Selon le ministère de la Sécurité publique, le point a du paragraphe 1 de l'article 6 de la loi sur le traitement des infractions administratives stipule spécifiquement que le délai de prescription des sanctions administratives est de 1 an, et détermine également que certains domaines complexes sont soumis à un délai de prescription de 2 ans.
Cependant, la pratique de la mise en œuvre montre que cette réglementation révèle encore de nombreuses difficultés et obstacles. Tout d'abord, dans le domaine de l'ordre et de la sécurité routière, la situation des individus et des organisations sanctionnés mais ne respectant pas les décisions de sanction est toujours assez courante, en particulier dans les cas de sanctions par le biais du système de surveillance automatique des amendes automatiques.
Bien que la loi sur l'ordre et la sécurité de la circulation routière ait stipulé que les organisations et les individus qui violent la loi sur l'ordre et la sécurité de la circulation routière mais n'ont pas pleinement exécuté les demandes de l'organisme d'État compétent concernant le règlement des affaires de violation administrative dans le domaine de l'ordre et de la sécurité de la circulation routière n'ont pas été autorisés à régler le contrôle technique des véhicules en infraction.
Mais en réalité, le cycle d'inspection initiale pour les voitures non commerciales de transport est de 3 ans.

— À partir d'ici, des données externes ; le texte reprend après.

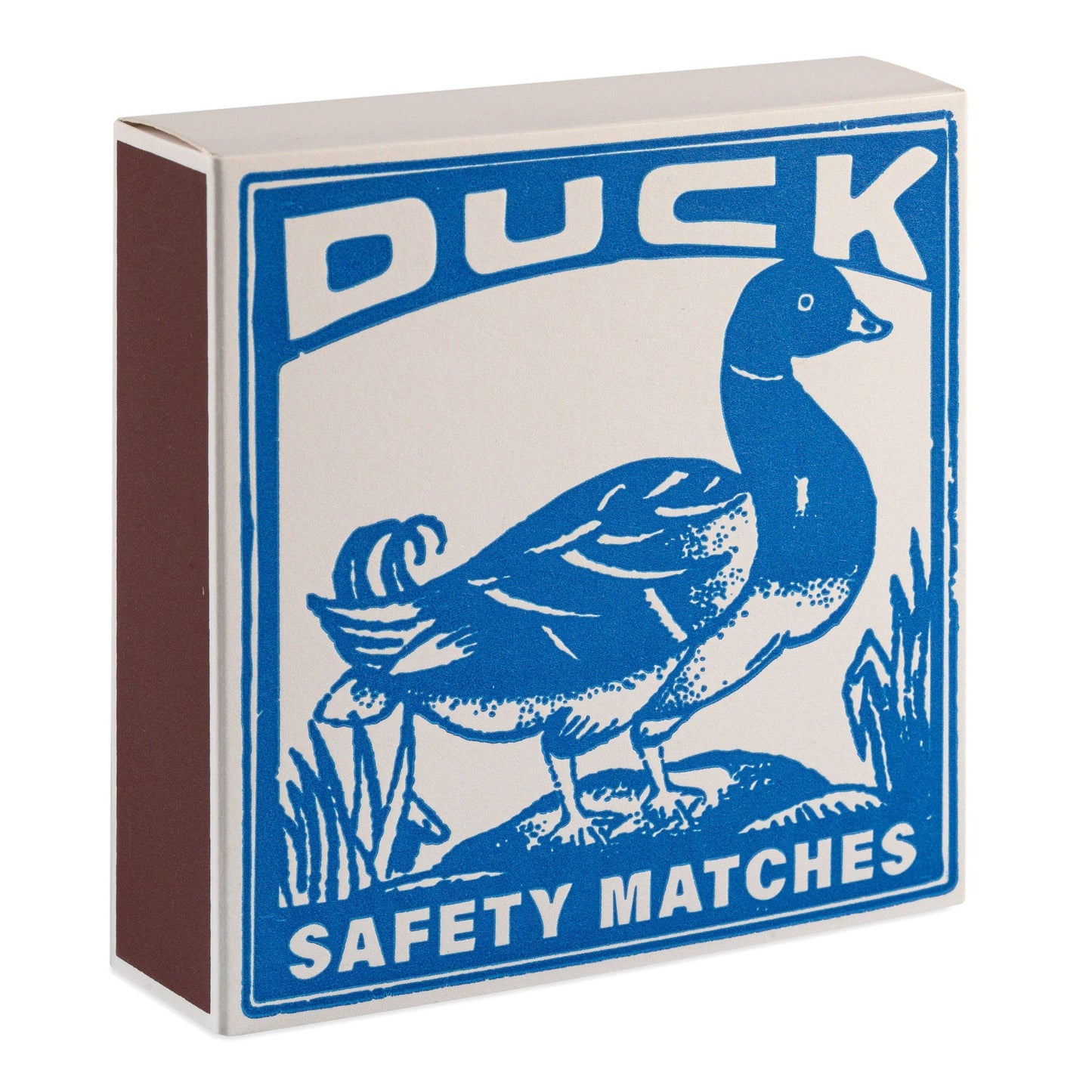 Das Archivist Gallery - Duck | Square - Sicherheitsstreichhölzer von Archivist Gallery zeigt ein blaues Entendesign und "DUCK SAFETY MATCHES" auf der Vorderseite, mit einer auffälligen Oberfläche an der Seite.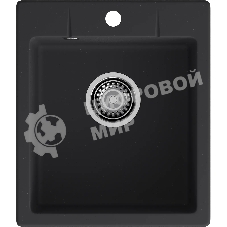 Мойка GRANFEST URBAN 242 1-чаша 420x490мм, монтаж: врезной, материал: кварц, черный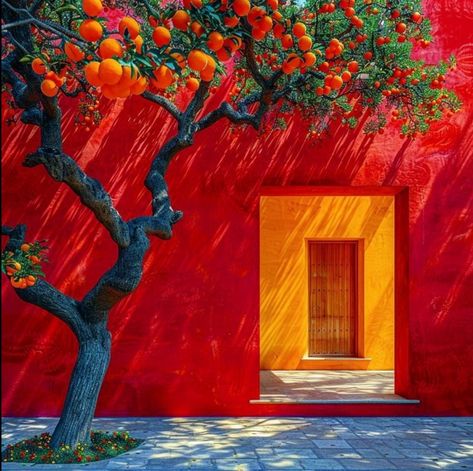 (99+) @seasoflife on Tumblr Romantic Bedroom Decor, Colour Art, Dappled Light, Square Painting, Pink Painting, Family Decor, Orange Colour, Village House Design, Nature Art Painting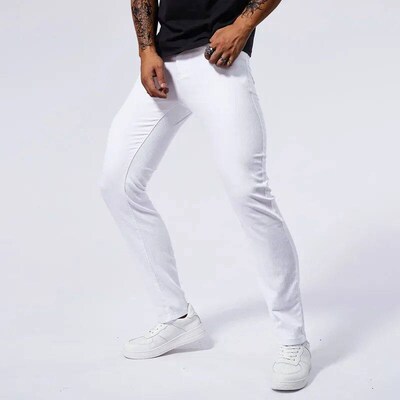 Mens White Casual Jeans New Denim Pants Comfortable Fashion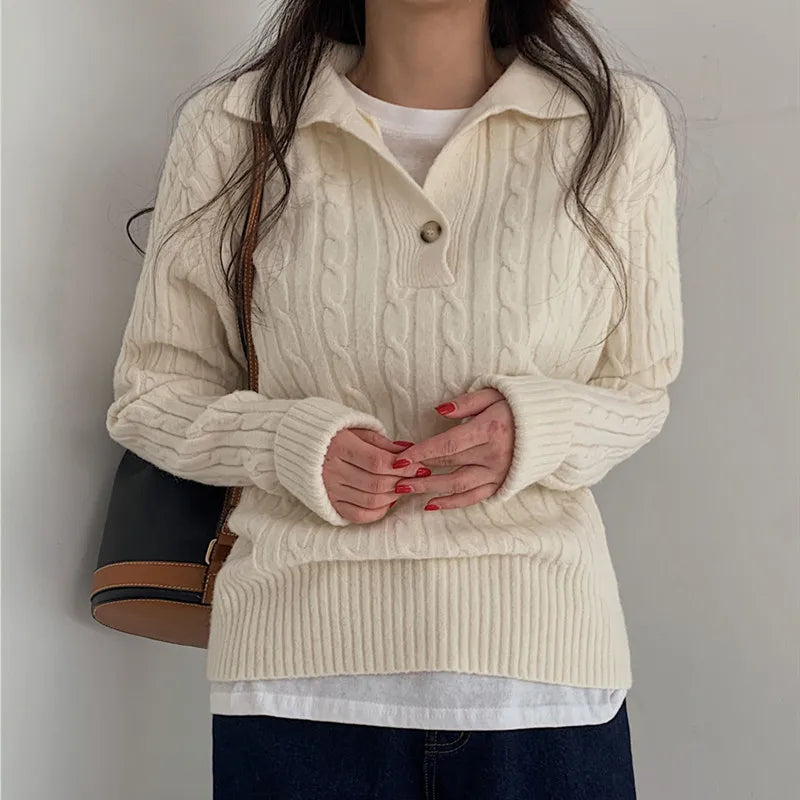 Turn-down Collar Solid Women’s Sweater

Alors que le délai de prescription pour les sanctions administratives dans ce domaine n'est que de 1 an.
Cette incompatibilité a créé une faille juridique permettant à certains propriétaires de véhicules de ne pas se conformer intentionnellement aux décisions de sanction, en attendant l'expiration du délai de prescription pour exécuter leurs obligations.
Compte tenu des lacunes ci-dessus, le ministère de la Sécurité publique propose dans le projet de délai de prescription pour le traitement des infractions administratives (article 6) ce qui suit: Le délai de prescription pour les sanctions administratives est de 01 à 03 ans. Sur la base de cette réglementation, le gouvernement précise le délai de prescription pour les sanctions administratives dans chaque domaine.
Expliquant le délai de prescription des sanctions administratives, le ministère de la Sécurité publique a déclaré que la réglementation est de nature à définir le cadre, les principes généraux sur le délai de prescription des sanctions administratives; et a chargé le gouvernement de réglementer en détail pour assurer la flexibilité, la conformité avec la pratique actuelle et future.